僕は、あまり興味がない。そして、人間が生き延びようとする欲望を第一にして生きている存在だとは思っていないから、いちばんいい答えの通りに動いてゆくとも思わない。
だから、いちばんいい答えを提出した人間をべつにえらいとも思わないし、そんな答えを提出したがる意欲というものがよくわからない。
ともあれ近ごろは、猫も杓子もどうしてこんなにもこの社会(=国家)のことが気になり、この社会(=国家)をいじくりたがるのだろうか。
遠くの親戚より近くの他人、というではないか。国のことより町内会のことや目の前の友情の方が気になるのが、この国の伝統的な心性であったはずである。
だからわれわれは、明治時代になるまで国歌も国旗も持たなかったし、いまだにそんなものに対してあまり興味がない。
われわれにとって国家は、「海に囲まれた日本列島」として先験的に存在するものであって、われわれがつくるものだとは思っていない。国家=浮世(憂き世)が存在することはわれわれの嘆きであって、希望ではない。
国家とは、生き延びようとする欲望の上に成り立った存在であるらしい。それに対してわれわれは「いまここ」に立ちつくして存在している。
われわれは、国家の生き延びようとする欲望から追いつめられて存在している。われわれは、国家の存在を嘆き、国家の存在を受け入れて暮らしている。だから国歌や国旗に執着することは、あまり健康なことだとは思っていない。国歌や国旗を憎んでいるわけではないが、国歌や国旗などどうでもいいと思っている。それは、生き延びようとすることなどどうでもいい、という感慨でもある。そういう感慨をもとにして、この国の伝統的な文化をはぐくんできた。「あはれ」とか「はかなし」とか「わび」とか「さび」とか……。
国歌や国旗は、国家が生き延びようとすることの象徴である。だからわれわれはそれに馴染めない。われわれにとって国家は、われわれの手で生き延びさせるものではなく、われわれの運命として先験的に存在している。われわれはその運命を嘆きつつ受け入れている。
われわれは、生き延びようとする欲望を第一のものとして生きてきた民族ではない。それが「遠くの親戚より近くの他人」という感慨であり、生き延びる未来よりも、目の前の「いまここ」に深く豊かに反応してゆくことを生き方の作法として文化をはぐくんできたのだ。

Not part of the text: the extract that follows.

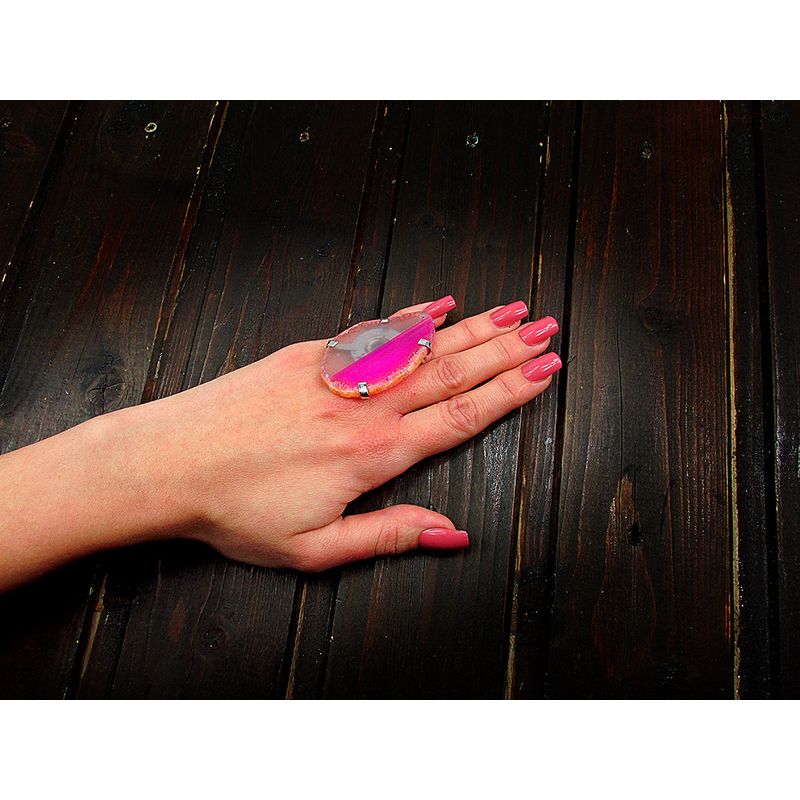 Fashion, accesorii si bijuterii - Femei - Bijuterii femei - Inele femei - Inel reglabil statement masiv cu agat roz natural 6A - Infinity.ro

われわれは、生き延びるということそれ自体がどうでもいい民族なのである。だから、外交交渉がいつまでたってもうまくなれない。だから、原発反対運動が、いまいち盛り上がらない。
われわれは、国家を背負って立っているようなえらそうな顔をして国家の未来を語る態度を、うさんくさいと思う。と同時に、そういうことに対するはにかみをなくしてそんな態度をとりたがる人間がたくさんいる世の中になっている。

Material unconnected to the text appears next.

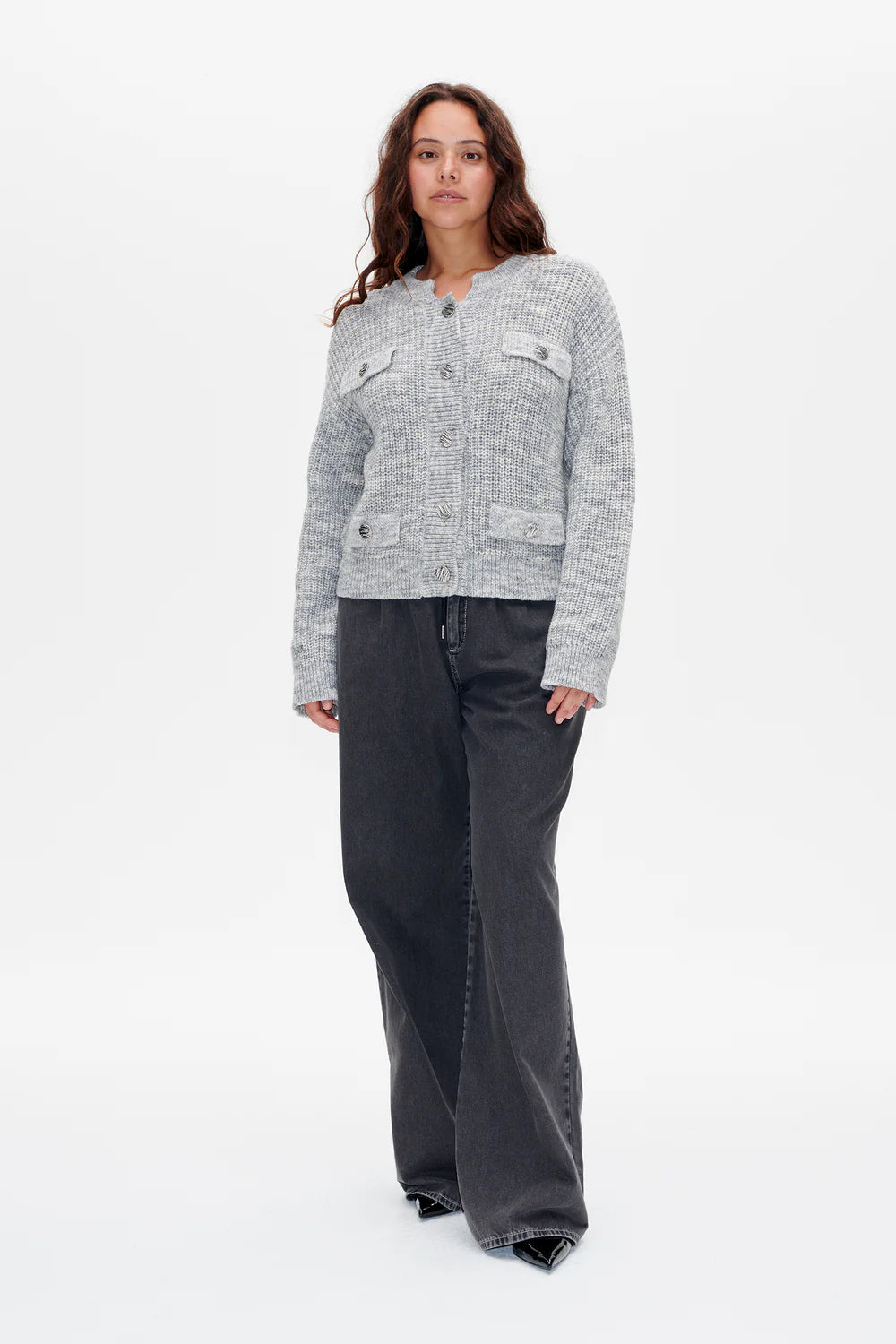 Cat Cardigan Silvergrey Melange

というか、そういうえらそうな態度をとることに対するはにかみを持ったナイーブな民族だから、そういうえらそうな態度に、かんたんにしてやられる。
だから、たいして考える才能もないネット社会のプチインテリたちだって、すぐそういうことをいいたがる。
現在のこの国では、政治状況や社会状況を語ることが他人に対して優越感を持つためのもっとも有効な方法のひとつらしい。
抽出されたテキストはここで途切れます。